アトピー性皮膚炎が、慢性の疾患でいまだに明確な原因、従って根本的な治療法がない疾患であるというのはまぎれもない事実です。ただ、最近(と言っても21世紀に入ってから)はだいぶ以前とは様相が違って視界が開けてきた感があります。
数十年前は本邦ではアトピー性皮膚炎治療に対するステロイドバッシングが激しく起こった時期がありました。(現在でも続いているのかもしれませんが)
ただ、それも故なしというわけでもないように思います。ステロイド剤は広く炎症を抑える強力な武器ですが、ヒトの免疫機構全体に作用するので、ピンポイントの原因をアタックする原因療法ではありません。当然いろいろな副作用があり、それに通暁した医師が使わないと治療効果よりも副作用が前面にでてくることもあります。当時明確な病因が未解明であったことも相まってか、なおさら訳もわからずただステロイドを使う、といった批判もあったかと思います。
ただ、ここ数十年は免疫学をはじめとした医学は長足の進歩を遂げつつあります。教科書ですら10年前のものは使い物にならないくらいです。開業医で日々の診療に追われている身にとっては、ほとんど医学の進歩にはついていけません。ただ、インターネット時代とあってその気になれば最先端の成果をいち早く受け取ることもできる時代になってきました。ただ膨大な情報の海で溺れかねない状況です。時間も知識も限られた身としてはその道の専門家が分かり易く解説してくれる雑誌、講演会は手っ取り早くそのエッセンスを知る良い機会です。先日は米国のアトピー性皮膚炎の専門家によるアトピー性皮膚炎の新薬「デュピクセント」の発売記念講演会がありました。
「Dupilumab(Dupixent) A Bench-to-bedside success story for Atopic Dermatitis」という演題でした。
演者:Oregon Medical Research Center President Andrew Blauvelt,M.D.,M.B.A.

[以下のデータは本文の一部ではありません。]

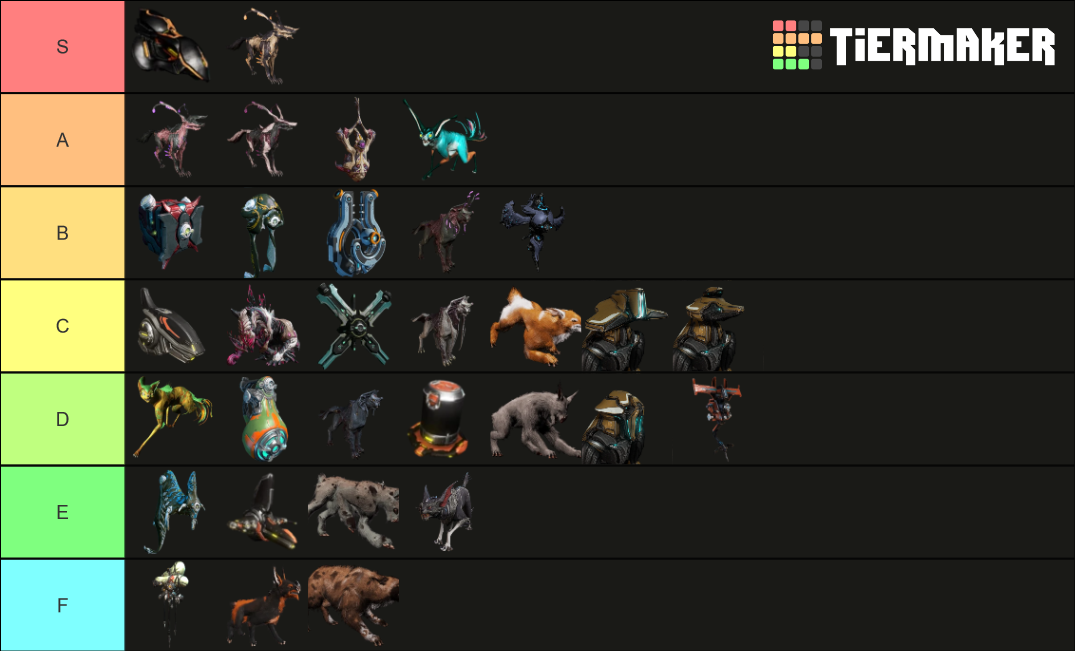 for Warframe Pets Tier List Rankings) TierMaker
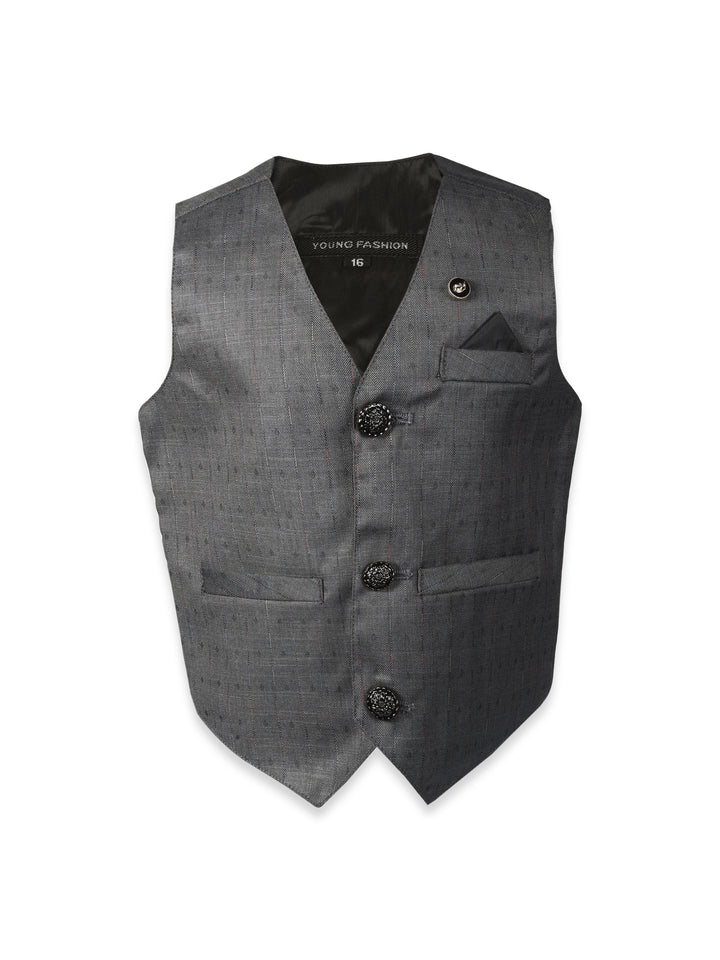 Young Fashion Waist Coat Without Collar #200-20 (S-24)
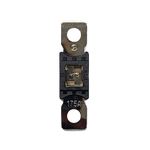 Top-down view of 175A Mega fuse with black housing and clear window
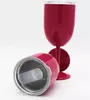 Rostfritt stål Vinglas 10oz Goblet 10oz vinkopp Multi Color Red Champagne Glass Creative Home Dricks Ware med lock i lager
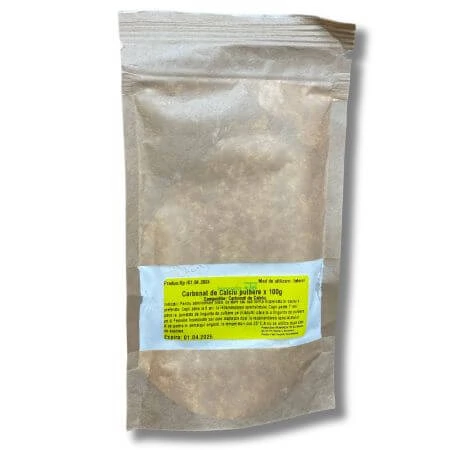 Calciumcarbonaat poeder, 100 g, Tei Pharmacy Laboratory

ヒト型IL-4/13受容体抗体製剤の新薬のお話でした。
その講演をベースに、その他の新規の情報は本年1月号のVisual Dermatologyの特集号 アトピー性皮膚炎の新時代 責任編集 椛島 健治 の 内容を参照してデュピルマブなど新規薬のことをまとめてみました。

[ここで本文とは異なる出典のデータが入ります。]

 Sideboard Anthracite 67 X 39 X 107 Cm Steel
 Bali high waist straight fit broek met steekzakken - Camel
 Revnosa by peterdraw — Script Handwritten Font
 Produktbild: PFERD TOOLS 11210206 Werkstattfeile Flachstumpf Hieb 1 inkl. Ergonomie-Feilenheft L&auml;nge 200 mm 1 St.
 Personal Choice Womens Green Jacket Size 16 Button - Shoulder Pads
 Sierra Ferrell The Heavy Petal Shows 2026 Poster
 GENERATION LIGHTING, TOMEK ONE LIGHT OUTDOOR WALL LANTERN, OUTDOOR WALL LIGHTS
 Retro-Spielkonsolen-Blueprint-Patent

 (図1)江川 形平 アトピー性皮膚炎における生物学的製剤 Visual Dermatology Vol.17:18-21,2018 より

(図2)サノフィ(株)資料より

(図3)サノフィ(株)資料より

近年、乾癬の病態、病因は生物学的製剤の臨床応用と相俟って、パラダイムシフトと呼称されるほどに解明が進んできました。アトピー性皮膚炎においても生物学的製剤の治験は続々と進められており、免疫学的病因解明が進んできています。アトピー性皮膚炎の病態は1)表皮バリア機能の異常 2)免疫応答の異常 3)痒みの異常 が相まって形成されると考えられています。
これらをダイナミックに統合、動かしているのが各種の免疫細胞やサイトカインです。免疫反応の応答ではTh2細胞がかかわる2型免疫反応がその病態に大きくかかわっていると考えられています。
Th2細胞はIL-4, IL-13, IL-5, IL-31などのサイトカインを産生して、皮膚の炎症や痒みを引き起こします。またIL-33やTSLP(thymic stromal lymphoprotein)などはTh2細胞に直接作用して、その活性化を促進するとされます。
上図(図1)のように様々な生物学的製剤がアトピー性皮膚炎治療の治験薬として進められているそうですが、現実に実用化されて、最も期待できるのがTh2型炎症を抑制するデュピクセントです。
デュピクセントはヒト型抗ヒトIL-4/13受容体抗体製剤で、この両者に共通のIL-4受容体αサブユニット(IL-4Rα)に特異的に結合してIL-4, IL-13のシグナル伝達を阻害して炎症を抑制します。(図2)
デュピクセントの作用点は上図のx印で示した部位です。(図3)
国内外で行われた治験では300mg投与16週の時点で37%の患者においてIGA(investigator’s global assesment)スコア0 もしくは1が達成され(プラセボ群では約10%)、またおよそ半数の患者さんがEASI(eczema area and severity index)75を達成(プラセボ群では1%以下)と著効といってよいほどの報告がなされています。また54週の長期投与でも効果は保たれ、安全性も軽度の結膜炎を除いては重篤な副作用はみられていないとのことです。
これらの結果より2017年3月からは米国食品医薬局(FDA)で認可され、本邦でも最近発売になりました。すでに数100例に用いられているとのことです。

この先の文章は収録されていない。